It is considered that Tg of the composite material becomes higher as described above
by a stronger interaction between graphene-like carbon and resin caused by the improved
adhesion between the graphene-like carbon material and the surface of PMMA.
[0043] Even in the case of using resin other than PMMA, the Tg of the composite material
can be effectively improved from the Tg of the original resin by forming a graphene-like
carbon material layer according to the present invention. Therefore, a composite material
having excellent heat resistance can be provided.
[0044] Hereinafter Examples and Comparative Examples of the present invention will be described.

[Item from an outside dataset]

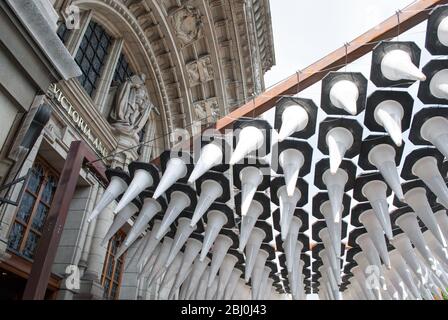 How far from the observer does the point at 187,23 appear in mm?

The present invention is not limited to the following Examples.
(Example 1)
1) Preparation of lamina graphite
[0045] Product No: PF100-UHP available from Toyo Tanso Co., Ltd. was prepared as a raw material
graphite sheet. A low density graphite sheet with a density of 0.7 and a thickness
of 1 mm was prepared by the same production method as that of the above graphite sheet
at a lower rolling ratio in rolling.
[0046] The graphite sheet with a density of 0.7 prepared as described above was cut into
3 cm x 3 cm to prepare a graphite sheet as an electrode material. Two slits were cut
in the graphite sheet in a length of 1 cm and a width of 1 cm with a cutter knife.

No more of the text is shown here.